America’s oldest trotting classic, the Kentucky Futurity, eluded Haughton, however. He came with a whisker of winning the Futurity and Triple Crown with Steve Lobell in 1976, but he was defeated by his son Peter, driving Quick Pay.
I asked Billy about that loss a few months later and he laughed and said with pride, “Peter just outdrove me.”
Tragedy struck the Haughton family and the harness world in early 1980 when Peter Haughton died in an auto accident. Later that summer, Billy won the Hambletonian driving Burgomeister, a colt co-owned by Peter.
That was the final Hambletonian at Du Quoin, IL, and I don’t think that there was a dry eye in the crowd as Billy and his wife Dottie choked back their emotions in the winner’s circle.
Six years later, everyone in harness racing choked back tears when we learned of Billy death.
Ironically, he died as a result of a racing accident, yet Billy Haughton contributed immeasurably to perhaps the greatest improvement in harness racing safety in the last half-century.
In late August, 1984, I sat down with Billy in the stable area at the Indiana State Fair. Billy was there to race his stock in the Fox Stake and the other Grand Circuit events.
I cornered him just long enough to ask him about the prospect of removing hub rails at harness tracks. It was a timely topic for Billy because he recently had an unfortunate encounter with the low hub rail at Roosevelt Raceway.
Wholly Arnie, a top-ranked Haughton-trainer sophomore trotter, was one of the favorites for the $388,343 Dexter Cup when he shied and went over the low rail, and fell. He was not injured at all, but New York rules dictated that any horse falling prior to a race be scratched.
When I spoke with Billy at Indianapolis, he said that if there had not been a hub rail, Wholly Arnie would simply have shied off the track briefly and been able to start.
Billy and I talked about the fact that many tracks in Europe had no hub rail and horses got along fine. Billy had raced on some of those European tracks.
I took notes of what Billy said that morning at the Indiana State Fair and put them into an article for Hoof Beats.
I deliberately wrote the article under Billy’s by-line, not mine. I often ghostwrote articles for others, and certainly in this case I knew that the plea to remove hub rails would have far greater impact and credibility coming from Billy Haughton than from a mere typewriter jockey like me.

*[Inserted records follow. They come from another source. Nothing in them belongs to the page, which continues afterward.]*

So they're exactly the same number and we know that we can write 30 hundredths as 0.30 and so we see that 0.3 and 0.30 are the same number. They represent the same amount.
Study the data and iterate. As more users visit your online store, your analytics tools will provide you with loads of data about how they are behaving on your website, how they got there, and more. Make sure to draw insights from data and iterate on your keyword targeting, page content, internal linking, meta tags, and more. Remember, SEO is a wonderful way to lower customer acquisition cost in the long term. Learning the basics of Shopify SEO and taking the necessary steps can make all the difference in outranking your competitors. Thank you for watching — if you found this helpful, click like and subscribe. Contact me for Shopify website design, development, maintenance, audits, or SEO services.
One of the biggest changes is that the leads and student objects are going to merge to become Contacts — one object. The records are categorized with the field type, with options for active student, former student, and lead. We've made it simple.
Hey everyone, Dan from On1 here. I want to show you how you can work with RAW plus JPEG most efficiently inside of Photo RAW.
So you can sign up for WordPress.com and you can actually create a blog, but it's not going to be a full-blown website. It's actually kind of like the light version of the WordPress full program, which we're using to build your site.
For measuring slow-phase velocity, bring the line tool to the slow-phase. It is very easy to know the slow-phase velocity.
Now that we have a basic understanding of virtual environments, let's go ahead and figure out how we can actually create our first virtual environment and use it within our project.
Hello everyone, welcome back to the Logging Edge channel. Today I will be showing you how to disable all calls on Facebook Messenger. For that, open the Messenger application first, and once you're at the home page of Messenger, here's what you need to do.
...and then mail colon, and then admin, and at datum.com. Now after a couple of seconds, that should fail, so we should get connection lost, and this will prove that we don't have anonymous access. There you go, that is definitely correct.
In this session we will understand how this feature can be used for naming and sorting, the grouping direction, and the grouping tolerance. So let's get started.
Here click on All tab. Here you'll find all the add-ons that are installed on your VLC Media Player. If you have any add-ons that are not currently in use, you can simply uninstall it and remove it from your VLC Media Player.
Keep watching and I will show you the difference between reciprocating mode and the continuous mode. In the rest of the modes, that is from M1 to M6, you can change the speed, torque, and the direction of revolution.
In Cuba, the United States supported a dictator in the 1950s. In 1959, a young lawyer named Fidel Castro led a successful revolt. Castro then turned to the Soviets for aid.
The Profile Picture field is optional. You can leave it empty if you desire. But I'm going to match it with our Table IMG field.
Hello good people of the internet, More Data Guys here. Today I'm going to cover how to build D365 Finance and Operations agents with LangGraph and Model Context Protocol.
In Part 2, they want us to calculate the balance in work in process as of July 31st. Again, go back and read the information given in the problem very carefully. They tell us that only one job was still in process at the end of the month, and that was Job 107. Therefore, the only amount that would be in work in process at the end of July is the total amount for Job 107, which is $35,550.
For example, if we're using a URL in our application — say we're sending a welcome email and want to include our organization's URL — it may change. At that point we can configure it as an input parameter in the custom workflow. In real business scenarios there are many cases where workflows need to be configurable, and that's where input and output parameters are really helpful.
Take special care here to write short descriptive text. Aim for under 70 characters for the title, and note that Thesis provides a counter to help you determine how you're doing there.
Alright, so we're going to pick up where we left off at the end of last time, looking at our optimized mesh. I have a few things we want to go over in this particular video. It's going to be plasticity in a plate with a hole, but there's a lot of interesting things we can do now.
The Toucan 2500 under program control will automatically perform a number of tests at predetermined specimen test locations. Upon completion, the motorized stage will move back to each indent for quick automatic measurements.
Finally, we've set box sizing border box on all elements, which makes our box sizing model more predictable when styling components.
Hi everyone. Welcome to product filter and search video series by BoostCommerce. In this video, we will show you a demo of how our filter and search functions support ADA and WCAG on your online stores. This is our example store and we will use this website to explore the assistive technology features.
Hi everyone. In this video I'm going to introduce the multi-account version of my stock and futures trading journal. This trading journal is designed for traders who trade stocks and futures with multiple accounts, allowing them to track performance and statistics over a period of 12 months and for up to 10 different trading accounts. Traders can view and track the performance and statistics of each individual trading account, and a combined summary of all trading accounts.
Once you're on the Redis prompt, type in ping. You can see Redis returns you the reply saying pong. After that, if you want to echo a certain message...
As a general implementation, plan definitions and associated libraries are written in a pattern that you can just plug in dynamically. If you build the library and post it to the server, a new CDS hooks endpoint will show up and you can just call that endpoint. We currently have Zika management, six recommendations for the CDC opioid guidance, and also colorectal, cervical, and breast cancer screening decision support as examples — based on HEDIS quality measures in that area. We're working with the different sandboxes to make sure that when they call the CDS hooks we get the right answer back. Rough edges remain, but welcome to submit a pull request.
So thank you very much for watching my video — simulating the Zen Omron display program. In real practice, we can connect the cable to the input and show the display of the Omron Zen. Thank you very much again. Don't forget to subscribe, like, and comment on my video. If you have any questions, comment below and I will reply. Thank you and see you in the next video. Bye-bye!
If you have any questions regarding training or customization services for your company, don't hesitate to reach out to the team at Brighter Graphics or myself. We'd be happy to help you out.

The article indeed had an impact. Billy’s former home track Saratoga was the first to remove its hub rail. Then I think the redesigned Rosecroft was next.
In time, hub rails would become a thing of the past at harness tracks and people would ask, “Why did we think we needed them?”
Not only was this a giant step forward in safety for drivers and horses, but it also gave the public far better sightlines for watching the races.
Alas, Billy never lived to see the widespread removal of hub rails, but no doubt his article was the impetus.
No, Billy Haughton never lived to spend time in a rocking chair, but he left a lasting mark on harness racing and his name will be remembered and revered as long as trotters and pacers race.